International. Wesco International announced that it has completed its merger with Anixter International Inc., which thus becomes a wholly owned subsidiary of Wesco International.
John Engel, President, President and Chief Executive Officer, said: "Today marks an important milestone for Wesco and Anixter. By combining two industry leaders with a successful track record, we are creating the world's leading electricity, communications and utility distribution and supply solutions company. This is a transformative combination that provides substantial value creation for our customers, supplier partners, employees, investors and the communities in which we operate. Wesco's capabilities in industry, construction and utilities matched Anixter's expertise in communications, security, and cable and wire creating an industry-leading line for our customers. By bringing together our complementary products, services and technologies, there are significant cross-selling opportunities that allow us to offer more solutions to more customers, in more places around the world."
Compelling strategic and financial reasoning
- Improves scale and global position. The combined company generated pro forma revenue in 2019 of more than $17 billion and is a leading distributor of electrical and data communications in North America. The growing scale allows the combined company to accelerate digitization strategies and provides a platform for growth in attractive international markets.
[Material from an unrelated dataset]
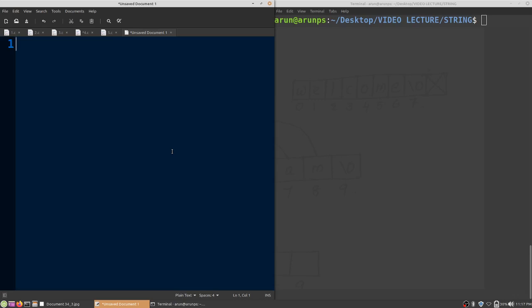In this video lecture we are going to discuss the basics of strings in programming language C. First of all we need to know what is a string. A string is a group of related characters — it's a set of related characters. How can we store a string in C?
- Expands and diversifies the portfolio of products and services. The combined company has a comprehensive and balanced portfolio that unites Wesco's capabilities in industry, construction and utilities with Anixter's expertise in data communications, security, and wire and cable. By uniting companies' complementary products, services, technologies and solutions, important cross-selling opportunities are created, strengthening the customer value proposition and supplier relationships.
-Offers substantial synergies. Wesco expects to realize annualized run rate cost synergies of more than $200 million by the end of the third year through efficiencies in corporate and regional overhead, optimization of the branch and distribution center network, and productivity in field operations and supply chain. In addition, Wesco expects incremental sales growth opportunities to emerge by cross-selling the companies' complementary product and service offerings to an expanded customer base and capitalizing on the enhanced capabilities in both networks.
-Provides immediate revenue accretion and significant free cash flow generation. The combination is expected to increase Wesco's earnings in the first full year of ownership and, with the realization of synergies, increase substantially thereafter. Wesco also expects the transaction to generate significant margin expansion and EPS growth. The combined company offers strong free cash flow generation, supporting continued investments in the business and enabling a return on capital to shareholders in the future.
- Ability to unlock quickly. Wesco will use the strength of the company's combined cash flows, including significant synergies, to reduce its leverage rapidly and expects to be within its long-term target leverage range of 2.0x to 3.5x in 36 months.